Arthur’s Britain – Recent Research

Chris Flynn

Several years on from researching Dark Age Britain to write ‘The Bear the Dragon and the Wolf’ the
latest research poses serious questions for any author tackling the history rather than the myth of King
Arthur.


The sparse documentation available portrays a land in turmoil after Rome withdrew its military forces in
410AD. Thereafter we are informed that incoming waves of Saxon, Angle, Frisian and Jutish warriors
engaged in a prolonged conflict with the Romano-British, now sadly reduced in the wake of departing
Roman forces.


Hengist and his brother Hrosa (oft written as Horsa) were invited to act as mercenaries to assist the
Romano-British against Pictish incursions from the north and Scotti (the name at the time for the Irish)
from the west. Seeing the possibilities, from their initial base on Thanet, the intended mercenaries took
the opportunity available to them to expand their lands into what became their first territory on the
mainland, Ceint.


Thereafter, across a period lasting some sixty years or so, the texts report an ongoing struggle,
culminating in the siege of Badon.


The Dark Ages are not so dark now in light of far more extensive archaeological evidence of the era,
supported by satellite mapping of settlements. Interpretations of this addition to our understanding of the
period, poses questions of the ancient texts available to us. Rather than conflict, much of the new
evidence suggests a more peaceful picture. Evidence of trade goods, inter-action between Romano-British
and Sais communities confound the portrayal of major battles and warfare.

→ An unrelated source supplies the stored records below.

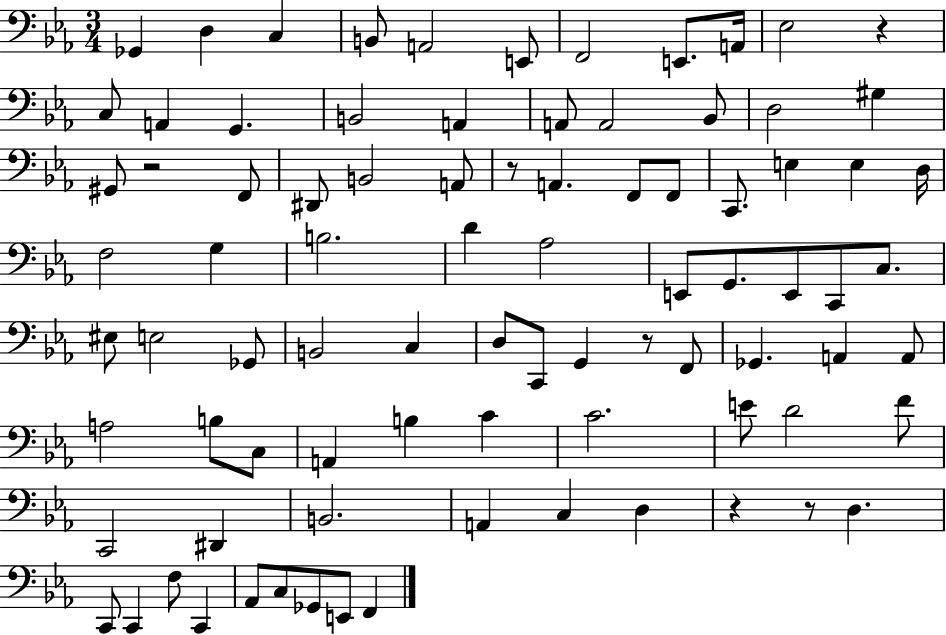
{
  \clef bass
  \numericTimeSignature
  \time 3/4
  \key ees \major
  ges,4 d4 c4 | b,8 a,2 e,8 | f,2 e,8. a,16 | ees2 r4 | \break c8 a,4 g,4. | b,2 a,4 | a,8 a,2 bes,8 | d2 gis4 | \break gis,8 r2 f,8 | dis,8 b,2 a,8 | r8 a,4. f,8 f,8 | c,8. e4 e4 d16 | \break f2 g4 | b2. | d'4 aes2 | e,8 g,8. e,8 c,8 c8. | \break eis8 e2 ges,8 | b,2 c4 | d8 c,8 g,4 r8 f,8 | ges,4. a,4 a,8 | \break a2 b8 c8 | a,4 b4 c'4 | c'2. | e'8 d'2 f'8 | \break c,2 dis,4 | b,2. | a,4 c4 d4 | r4 r8 d4. | \break c,8 c,4 f8 c,4 | aes,8 c8 ges,8 e,8 f,4 | \bar "|."
} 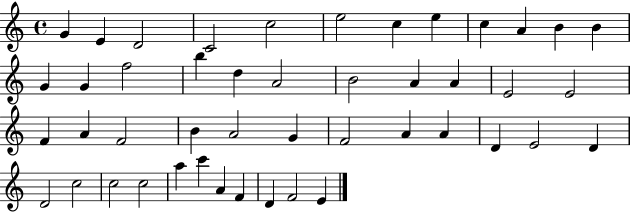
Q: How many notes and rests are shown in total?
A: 46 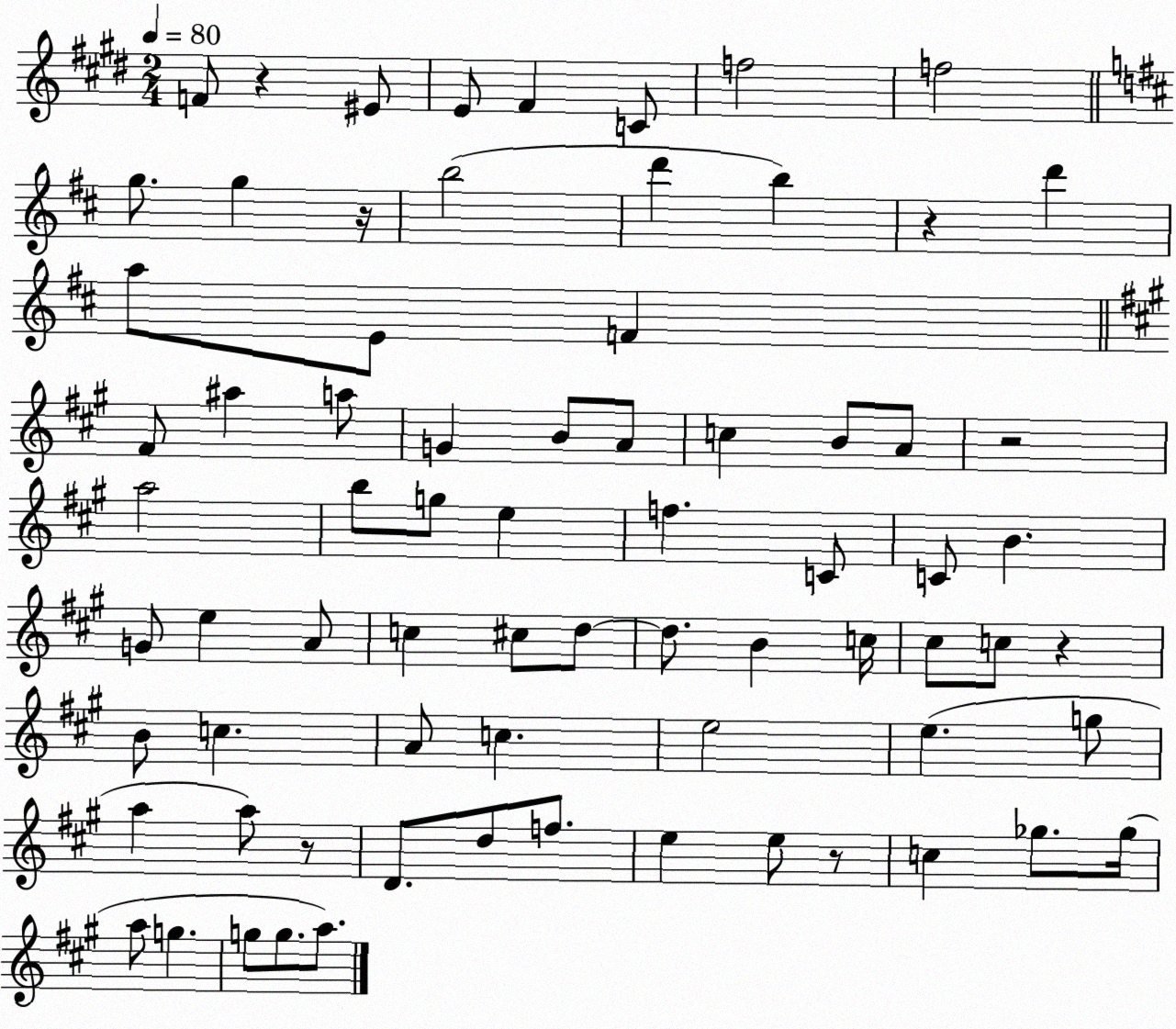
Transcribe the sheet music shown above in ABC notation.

X:1
T:Untitled
M:2/4
L:1/4
K:E
F/2 z ^E/2 E/2 ^F C/2 f2 f2 g/2 g z/4 b2 d' b z d' a/2 E/2 F ^F/2 ^a a/2 G B/2 A/2 c B/2 A/2 z2 a2 b/2 g/2 e f C/2 C/2 B G/2 e A/2 c ^c/2 d/2 d/2 B c/4 ^c/2 c/2 z B/2 c A/2 c e2 e g/2 a a/2 z/2 D/2 d/2 f/2 e e/2 z/2 c _g/2 _g/4 a/2 g g/2 g/2 a/2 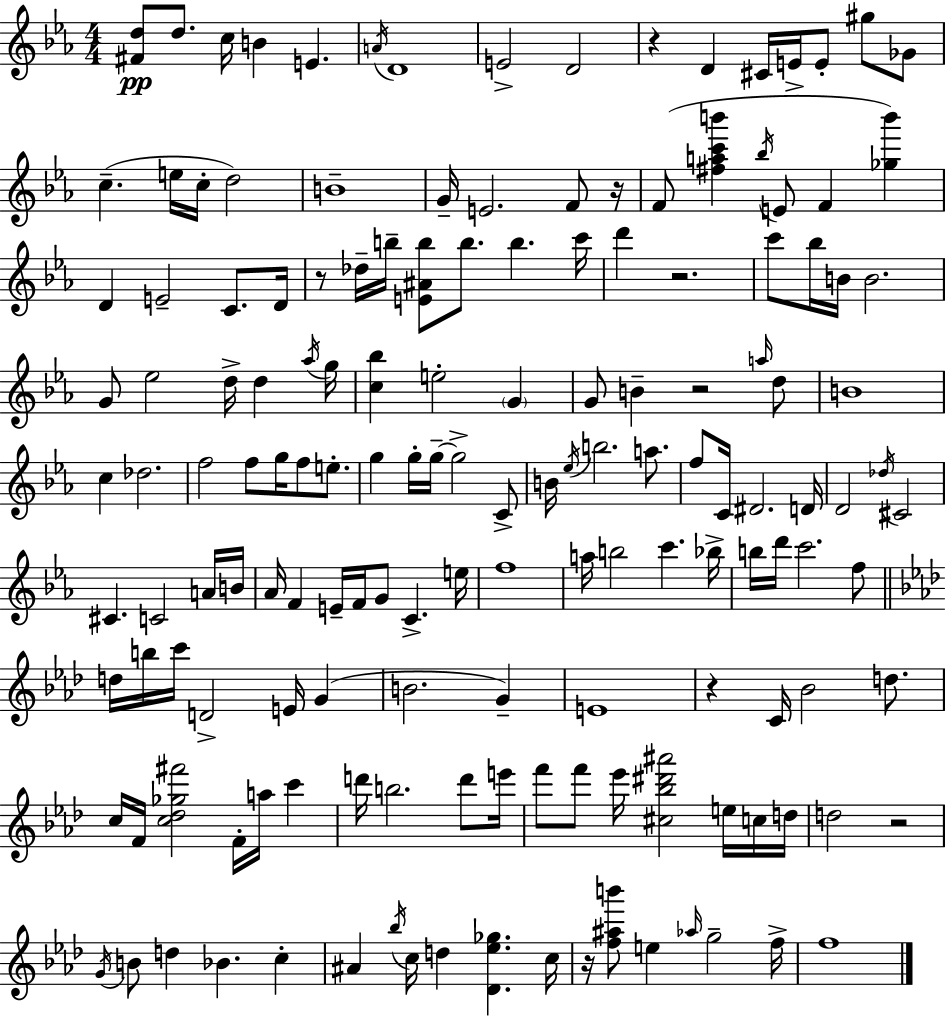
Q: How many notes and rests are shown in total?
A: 156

The question for any author then becomes how are these two views of the same period to be reconciled?
As with any portrayal of relationships between antagonistic human cultures there is always the tendency
to group the protagonists and antagonists into binary stereotyped opposites. This seems to be far from the
case in Dark Age Britain. The Romano-British were hardly united, divided by those who wished to

maintain and extend Roman governance and those who wished to restore the tribal affinities of the pre-
Roman period. Three different interpretations of the new Christian religion added to the mistrust between

the factions. Here was no united Romano-British culture. Similarly, there were many new settlers among
the newcomers who had no wish to be warriors. Securing land to practice agriculture to support one’s
family and community meant that becoming ‘foederati’ offered a more enticing position. In return for a
plot of land, new settlers offered to contribute to the area’s defences if called upon as part of the deal.
Thus, the incoming settlers, driven from their own lands by Hunnic expansions from the east to the west,
had more than one option in their attempts to deal with their forced emigration.
A failure to discover major battle sites has reinforced a more up-dated portrayal of the era as one of
predominant peace. But this refutes the texts and indeed, the oral traditions passed down across the
generations of the period. Over the centuries geography has shown the erosion of the eastern part of the
mainland. Many coastal areas, once solid terra firma, are now beneath the sea; eroding possible battle
sites. Major battles were interspersed with raids and sorties, numbering fewer warriors than the large
conflicts. Attempts by Hengist and his sons, Ebissa and Octha were co-ordinated over quite long periods
of time. In fiction these provide the focus for the author’s attention, but over a period of sixty years there
might well only have been three major attempts to expand beyond Ceint, or to exert pressure to negotiate
for added lands from the fractious divided Romano-British.

In conclusion, it is possible to reconcile the history of the texts, with the new research. The portrayal of a
patchwork domain where settlers and their Romano-British neighbours maintained peaceful relations is
countered by sporadic military campaigns by those who desired a more aggressive approach to seizing
more land. Both strategies are perfectly plausible in an era of extreme instability, and a more likely
explanation than an oversimplified war v peace generalisation.